It would be nice if it was possible to show the country of origin of reviewed products but nowadays, products can be assembled from parts made in other countries.

Patrick: no, the National Trust is different, in that it does receive donations in both cash and kind and, of course, has a healthy commercial arm through rentals, products, gardening centres and quite a bit more. AFAIK W? doesn’t receive donations – or at least, not many, if it does.

I’ll expand on the companies in the MO topic as I don’t want this topic to be sidetracked.

In my view a real “best buy” includes proper value for money. That will mean taking account of how much it costs and how long it is likely to last.

My recollection is that, in olden days, Which? “best buys” took price into consideration.

These days, I often wonder if they are merely “best than money can buys” unless they also score the “great value” tag as well. (See Page 64 in the Dec 2017 issue for examples of this.)

In my opinion a product awarded the ‘Best Buy’ accolade should be so far ahead of the competition that its status is virtually indisputable. If that does not pertain then ‘In the top five’ [or some such] might be more appropriate. The problem with that is that “in the top five” usually means No. 5 so it could be misleading. The application and use of the ‘Best Buy’ designation all comes down to control by WhicH? and the public must have full confidence that that is being exercised diligently and scrupulously without any form of commercial compromise.

Interesting. Wonder if there’d be any merit in W? producing a Michelin-type award scheme for products and companies? The problem with all awards, of course, is that things can change so quickly, so that what was once a superb item can quickly become run-of-the-mill. Happens with restaurants, certainly.

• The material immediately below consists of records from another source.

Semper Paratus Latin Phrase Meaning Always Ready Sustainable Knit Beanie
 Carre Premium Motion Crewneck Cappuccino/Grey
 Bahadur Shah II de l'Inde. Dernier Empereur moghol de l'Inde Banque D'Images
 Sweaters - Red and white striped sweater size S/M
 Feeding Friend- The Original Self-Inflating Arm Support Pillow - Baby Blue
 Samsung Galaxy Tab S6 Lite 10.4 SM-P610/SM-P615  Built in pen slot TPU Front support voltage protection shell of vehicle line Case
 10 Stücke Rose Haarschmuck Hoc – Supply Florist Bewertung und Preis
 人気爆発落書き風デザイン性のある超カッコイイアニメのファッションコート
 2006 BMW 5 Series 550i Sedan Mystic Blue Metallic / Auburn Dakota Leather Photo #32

With restaurants, the management and staff can change, or just lose interest. (In my Harley’s Owners’ Group days, I once toured Europe with, amongst others, a young professional chef who dreamed of opening his own own restaurant and another guy who worked as a chef in his local Toby Carvery. One lived to cook and the other cooked to live, as you might say.)

Any well built and well maintained product won’t become less capable as it get older.

But, for emerging technologies, dramatically better kit may come along, for example DVDs (and, to some extent) Blu-Ray discs have now completely replaced VHS tapes as physical media for home movies.

As regards “white goods”, progress can be a lot slower. For example, my 1988 Zanussi FL812 washing machine is still serving me well. I’m hoping I won’t have to replace it before such time as a machine that will wash, dry and iron the clothes is available.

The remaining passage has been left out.